Premier Kathleen Wynne is stepping up her attacks on Conservative Leader Stephen Harper as the federal election battle enters its final days.
With a fortnight to go until the Oct. 19 vote, Wynne used an Empire Club speech Monday to urge Canadians to cast ballots for Justin Trudeau’s Liberals.
Never mentioning Harper by name during her 26-minute address to 600 people at the Hilton Hotel, the Liberal premier said his Tories are “a party that is out of ideas and out of touch” on retirement security, federal-provincial co-operation, aboriginal issues and the environment.
“To be blunt, we cannot afford another decade of inaction,” she said, referring to the need for Ottawa to take the lead on measures to reduce greenhouse gas emissions that contribute to climate change.
“So far, almost all of Canada’s momentum on the climate change file has been generated by the provinces.”
Wynne said she hoped the next prime minister would be “willing to accompany the premiers to this fall’s Paris conference on climate change” so Canada can present a united front on tackling the issue.
“Sub-national governments are not waiting to be told that it is time to act — we are showing the way … but we need national leadership as well.”
The premier also repeated her call for a national inquiry into missing and murdered indigenous women and girls, which Harper has resisted.
“All of this requires an understanding of past wrongs and a commitment to change,” said Wynne.
Her voice dripping with scorn, she chided the Tories for trying to derail the Ontario Retirement Pension Plan that was a cornerstone of her election platform in June 2014.
“When a prime minister declares he is ‘delighted’ to thwart the will of a duly elected government with a mandate to improve retirement security … you’re darn right I’m going to fight back.”
Ontario only forged ahead with its own mandatory public scheme to complement the Canada Pension Plan because of “the lack of leadership from the federal government,” she explained.
“I find myself astonished listening to some of the voices on the federal campaign trail. Only the truly short-sighted could look at a pension contribution and describe it as a tax. We know better. You know better.”
Significantly, Wynne did not criticize Harper over international trade policy on the day Canada signed the Trans-Pacific Partnership agreement.

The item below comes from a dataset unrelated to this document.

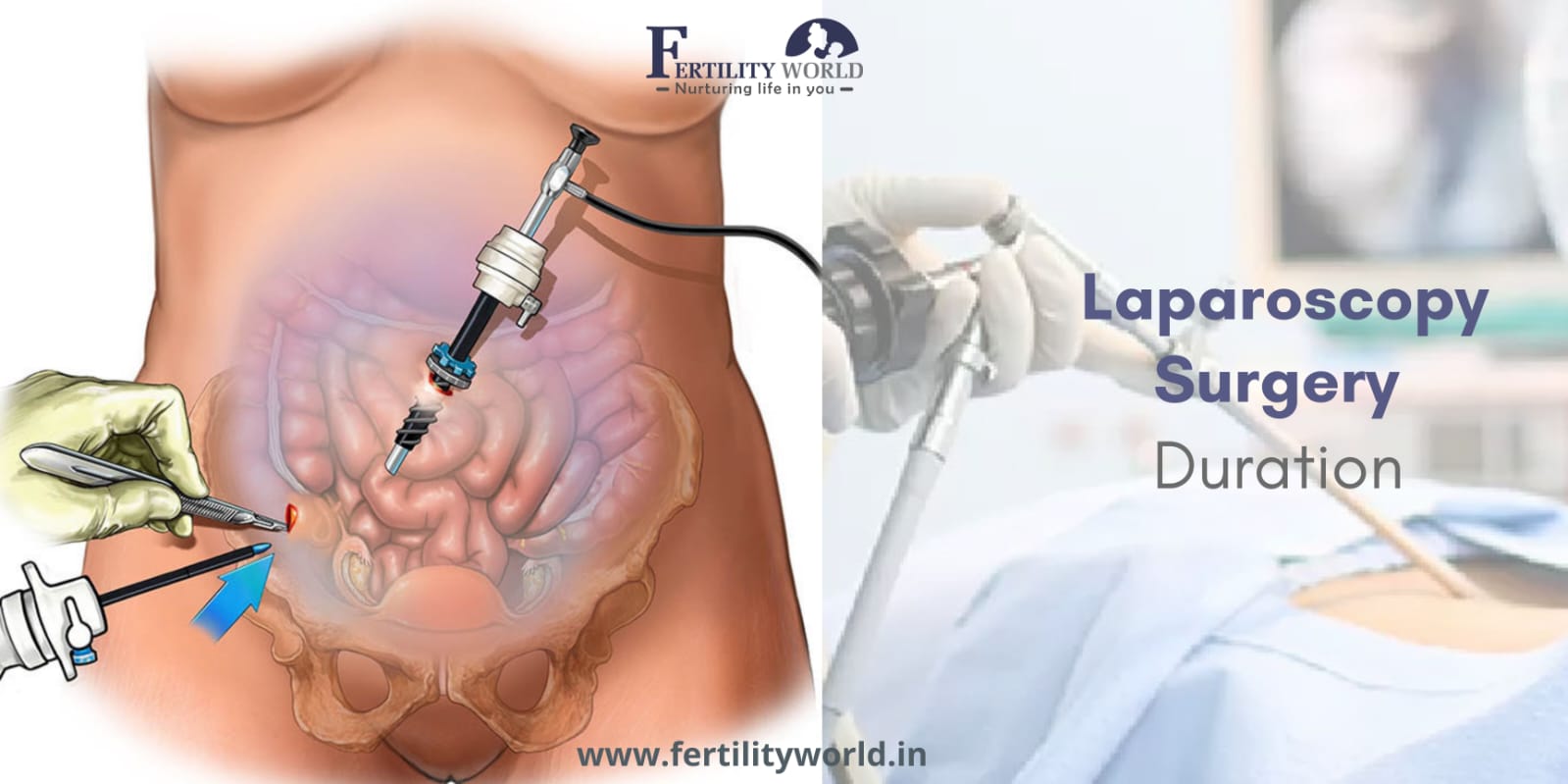 How long does a laparoscopic surgery take?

Speaking to reporters after her speech, the premier said while she had “concerns” about the deal’s impact on Ontario’s auto sector, she supports expanding free trade.
“We can’t walk away from those markets. It’s just unrealistic to suggest that we can compete in the global economy and ignore all of the countries that are in the Trans Pacific agreement,” she said, noting she will soon leave for her second trade mission to China in the past year.
“We’re balancing concern for some of our industries … but the flip side of that … we know that we need access to those markets. We know that we need to seize this opportunity.”